Some of those sounded interesting.  When I get a chance, I'm adding "Confessions" and "Defenders" to my to read list.


----------



## ThinkerX

Having read through the whole thread...

Jennifer Fallon...I did read one of her books recently, first in a series.  I liked it, but not enough to go tracking down the rest.

Gentiles 'Rats and Gargolyes' - what a complete trip!  That city is one of the few fantasy settings I've come across which comes close to being truly original.  Didn't care much for the sequel, much too...'victorian'...or maybe 'elizabethian'.

Rohans 'Winter of the World' - 'Hammer of the Sun', 'Anvil of Ice', 'Forge in the Forest'...pretty good, though I didn't care for the way the author kept trying to shoehorn everything into 'ice age earth'.  A straight fantasy world would have worked better.

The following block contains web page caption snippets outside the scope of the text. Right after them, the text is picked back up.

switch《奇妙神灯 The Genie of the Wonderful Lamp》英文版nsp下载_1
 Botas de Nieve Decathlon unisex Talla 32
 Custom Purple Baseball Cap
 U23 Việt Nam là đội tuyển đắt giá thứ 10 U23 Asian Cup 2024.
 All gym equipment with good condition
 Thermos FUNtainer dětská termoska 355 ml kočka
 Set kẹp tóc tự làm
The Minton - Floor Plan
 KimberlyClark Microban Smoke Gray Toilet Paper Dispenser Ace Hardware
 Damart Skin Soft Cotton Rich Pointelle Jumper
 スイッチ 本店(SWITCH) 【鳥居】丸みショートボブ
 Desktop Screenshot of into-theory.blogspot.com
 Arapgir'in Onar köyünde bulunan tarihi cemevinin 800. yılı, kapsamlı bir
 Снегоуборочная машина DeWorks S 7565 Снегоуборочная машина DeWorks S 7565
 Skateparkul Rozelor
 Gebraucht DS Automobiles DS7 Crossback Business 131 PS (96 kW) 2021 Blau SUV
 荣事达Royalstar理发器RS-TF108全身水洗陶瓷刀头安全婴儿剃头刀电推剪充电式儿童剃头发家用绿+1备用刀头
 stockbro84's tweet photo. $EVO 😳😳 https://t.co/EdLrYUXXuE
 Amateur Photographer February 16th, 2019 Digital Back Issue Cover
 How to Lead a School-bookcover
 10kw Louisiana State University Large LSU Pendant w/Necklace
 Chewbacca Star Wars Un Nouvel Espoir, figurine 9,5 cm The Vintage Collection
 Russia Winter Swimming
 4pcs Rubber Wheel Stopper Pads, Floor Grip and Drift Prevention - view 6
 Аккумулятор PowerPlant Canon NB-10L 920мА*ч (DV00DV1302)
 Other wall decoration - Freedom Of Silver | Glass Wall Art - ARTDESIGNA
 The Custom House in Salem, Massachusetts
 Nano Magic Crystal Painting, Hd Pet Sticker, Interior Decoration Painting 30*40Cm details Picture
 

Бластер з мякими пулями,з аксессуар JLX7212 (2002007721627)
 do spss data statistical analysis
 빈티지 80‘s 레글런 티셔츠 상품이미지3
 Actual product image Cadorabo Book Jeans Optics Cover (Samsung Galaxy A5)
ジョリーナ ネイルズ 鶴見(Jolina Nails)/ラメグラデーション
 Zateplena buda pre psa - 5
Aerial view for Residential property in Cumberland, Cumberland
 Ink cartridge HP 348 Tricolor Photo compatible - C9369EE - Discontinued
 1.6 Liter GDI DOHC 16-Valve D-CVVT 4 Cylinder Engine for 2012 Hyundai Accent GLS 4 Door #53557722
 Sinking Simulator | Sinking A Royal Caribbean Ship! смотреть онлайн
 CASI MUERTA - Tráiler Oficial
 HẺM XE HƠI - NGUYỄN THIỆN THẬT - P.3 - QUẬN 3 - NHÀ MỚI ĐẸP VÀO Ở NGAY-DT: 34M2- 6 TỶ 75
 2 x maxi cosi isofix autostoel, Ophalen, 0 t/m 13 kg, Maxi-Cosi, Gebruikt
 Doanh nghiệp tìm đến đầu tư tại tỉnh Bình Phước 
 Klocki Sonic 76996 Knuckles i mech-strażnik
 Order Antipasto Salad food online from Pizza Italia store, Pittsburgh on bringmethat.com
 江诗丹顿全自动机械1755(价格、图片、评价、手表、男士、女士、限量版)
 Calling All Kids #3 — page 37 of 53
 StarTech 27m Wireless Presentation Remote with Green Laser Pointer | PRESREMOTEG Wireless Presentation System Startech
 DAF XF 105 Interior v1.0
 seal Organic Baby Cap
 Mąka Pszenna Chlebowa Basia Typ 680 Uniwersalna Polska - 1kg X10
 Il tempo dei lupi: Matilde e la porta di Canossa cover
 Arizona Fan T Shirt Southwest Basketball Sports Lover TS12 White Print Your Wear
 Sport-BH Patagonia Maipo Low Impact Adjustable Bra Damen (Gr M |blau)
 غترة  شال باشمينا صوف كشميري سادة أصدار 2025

Most of the others cited thus far I've either not read (Thanx!) or are/were of once immense popularity (not meeting the criteria for this thread).  With that in mind, my tenative list:

Cabel - 'Silver Stallion'.  Apparently Cabel had quite the following at one time, with a great many stories to his credit, some of novel length.  I've only this book and one other.  That said...what a wondrous convoluted world he created! Some of the stories are absolutely brilliant, and others are...hmmm...'NC-17' I believe the current term is.

Godwin - 'Beyond Another Sun' - good luck finding this one anywhere.  SF, very stark, a guy on what amounts to a one way mission of great importance.

Hambly - Quite a few titles, once widely read, most apparently falling into obscurity.  "Walls of Air', 'Ladies of Mandrigyn', 'Knight of the Demon Queen', and quite a few others.  Magicians generally activiely persecuted, genuinely evil demons, and characters ranging from good to coldly treacherous.  Never seen her works mentioned here, despite their one time popularity.

Jacoby - I read the first of her 'Elita' novels, and am contemplating picking up the rest.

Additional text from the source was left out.